Questions: Reduction Techniques for Proving Undecidability
5 questions to test your understanding
Score: 0 / 5
Question 1 Multiple Choice
You want to prove that L = {⟨M⟩ : M accepts at least one string} is undecidable. You build a computable function f where f(⟨M, w⟩) = ⟨M'⟩, and M' is defined to accept all strings if M accepts w, and accept nothing otherwise. What does this prove?

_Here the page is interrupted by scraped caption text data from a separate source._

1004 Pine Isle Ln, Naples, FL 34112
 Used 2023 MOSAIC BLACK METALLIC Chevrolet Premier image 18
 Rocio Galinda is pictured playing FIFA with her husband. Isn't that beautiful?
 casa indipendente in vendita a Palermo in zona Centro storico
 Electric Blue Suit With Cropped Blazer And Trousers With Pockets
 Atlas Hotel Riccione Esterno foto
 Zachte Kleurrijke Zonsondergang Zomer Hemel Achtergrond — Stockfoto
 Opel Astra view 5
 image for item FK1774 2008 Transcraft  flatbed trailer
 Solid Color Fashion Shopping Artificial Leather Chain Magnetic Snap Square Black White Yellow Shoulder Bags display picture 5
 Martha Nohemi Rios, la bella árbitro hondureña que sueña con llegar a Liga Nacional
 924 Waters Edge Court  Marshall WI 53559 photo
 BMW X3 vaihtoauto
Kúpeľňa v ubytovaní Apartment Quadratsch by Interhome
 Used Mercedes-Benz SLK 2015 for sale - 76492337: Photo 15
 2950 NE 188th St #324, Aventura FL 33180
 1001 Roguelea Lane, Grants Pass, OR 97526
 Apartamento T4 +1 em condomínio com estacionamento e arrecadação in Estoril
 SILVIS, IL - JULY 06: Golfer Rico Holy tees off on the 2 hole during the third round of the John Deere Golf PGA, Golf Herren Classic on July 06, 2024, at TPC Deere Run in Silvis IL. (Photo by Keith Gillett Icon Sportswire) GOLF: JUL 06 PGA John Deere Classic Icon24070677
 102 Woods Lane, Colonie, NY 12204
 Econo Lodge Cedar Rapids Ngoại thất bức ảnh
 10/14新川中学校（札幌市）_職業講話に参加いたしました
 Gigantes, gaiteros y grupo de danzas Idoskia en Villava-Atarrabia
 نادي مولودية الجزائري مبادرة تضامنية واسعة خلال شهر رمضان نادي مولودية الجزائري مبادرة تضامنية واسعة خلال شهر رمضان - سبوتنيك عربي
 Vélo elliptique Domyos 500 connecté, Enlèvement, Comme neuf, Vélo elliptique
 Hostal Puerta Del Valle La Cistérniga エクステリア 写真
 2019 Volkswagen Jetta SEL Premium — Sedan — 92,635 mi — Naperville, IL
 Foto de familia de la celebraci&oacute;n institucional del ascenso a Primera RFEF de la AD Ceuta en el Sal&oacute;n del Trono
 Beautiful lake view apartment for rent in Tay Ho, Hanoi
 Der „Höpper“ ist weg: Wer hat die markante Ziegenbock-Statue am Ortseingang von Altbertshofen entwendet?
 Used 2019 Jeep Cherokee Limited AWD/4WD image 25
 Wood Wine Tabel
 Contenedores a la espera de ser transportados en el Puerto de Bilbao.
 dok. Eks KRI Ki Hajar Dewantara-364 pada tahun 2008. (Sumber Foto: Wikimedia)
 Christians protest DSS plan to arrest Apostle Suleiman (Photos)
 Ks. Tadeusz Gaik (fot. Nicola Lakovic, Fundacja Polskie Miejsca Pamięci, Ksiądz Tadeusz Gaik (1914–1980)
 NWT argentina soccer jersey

AIt reduces L to the halting problem, proving the halting problem is undecidable relative to L
BIt reduces the halting problem to L (H_TM ≤_m L), proving L is undecidable
CIt reduces L to itself, which is circular and proves nothing
DIt proves L is decidable by showing it can simulate the halting problem
The function f maps halting-problem instances ⟨M, w⟩ to L-instances ⟨M'⟩, establishing H_TM ≤_m L. The iff holds: if M accepts w (⟨M,w⟩ ∈ H_TM), then M' accepts all strings, so ⟨M'⟩ ∈ L; if M does not accept w, M' accepts nothing, so ⟨M'⟩ ∉ L. Since H_TM is undecidable and H_TM ≤_m L, a decider for L would give a decider for H_TM — contradiction. The reduction arrow always points from the known-hard problem toward the problem you want to prove hard. Option 0 reverses the direction and proves nothing new.
Question 2 Multiple Choice
When constructing the reduction function f for H_TM ≤_m L, you need to build a new machine M' from the input ⟨M, w⟩. Which of the following correctly describes what f does?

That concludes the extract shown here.